Por otra parte, los monjes de los monasterios cantaban
dentro de la liturgia, que se concebía como una obra de
Dios.

El canto era una parte fundamental de la vida monacal y una


forma de devolverle al Creador sus propias palabras, dado
que los textos estaban extraídos de las Sagradas Escrituras,
en suma de la palabra de Dios.

Por ello no podían equiparar


sus cantos con el desprecio
que sentían hacia la actividad
de juglares y ministriles,
aunque probablemente para
Boecio todo hubiese sido uno.

Sin embargo, a partir del año


800 comienza a cobrar
importancia la teoría del canto
llano y las antiguas divisiones
entre conocedores e
ignorantes de Boecio parecen
reproducirse en el seno de la
Iglesia.

En los reinos carolingios no se escatiman esfuerzos para


registrar los textos de los cantos y en la medida de los
posible la música que los acompaña, lo que da lugar a una
primitiva teoría musical.

El conocimiento teórico cobra importancia ente los monjes.

Aparece entonces la división entre cantor y musicus.

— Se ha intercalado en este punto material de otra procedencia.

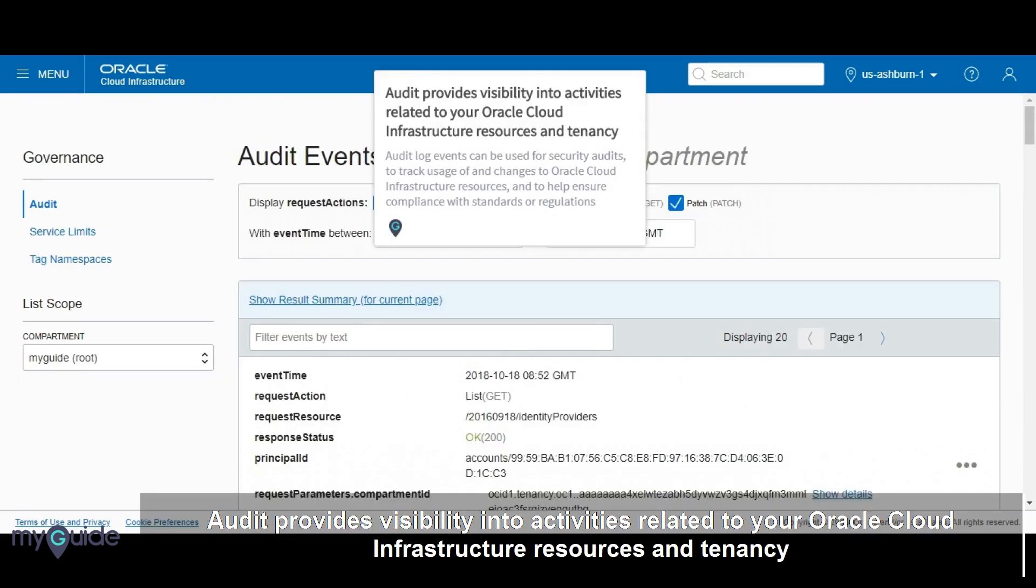Audit provides visibility into activities related to your Oracle Cloud infrastructure resources and tenancy. Audit log events can be used for security audits, to track usage of and changes to Oracle Cloud infrastructure resources, and to help ensure compliance with standards or regulations.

El primer término hacía alusión a cualquier monje que


cantase, independientemente de los conocimientos teóricos
de los que hiciese gala, es decir que todos los monjes eran
cantores.

Pero el monje que conocía la teoría del canto llano y que lo


afrontaba como una disciplina de estudio académico, ése
era el musicus, muy en la línea de la definición de Boecio.

Ser considerado como un mero cantor llegó a ser un insulto.

Se suponía que dicho monje era tan simple de


entendederas que no sentía la menor curiosidad por
aprender sobre la técnica de los cantos que interpretaba.

Una máxima de alrededor del año 1000 rezaba que un


cantor que no conoce nada de la base racional de su arte
no es mejor que una bestia.

Pues los monjes saben que existen bestias que pueden


cantar, especialmente los pájaros, pero que no tienen
ningún conocimiento racional de por qué y cómo lo hacen.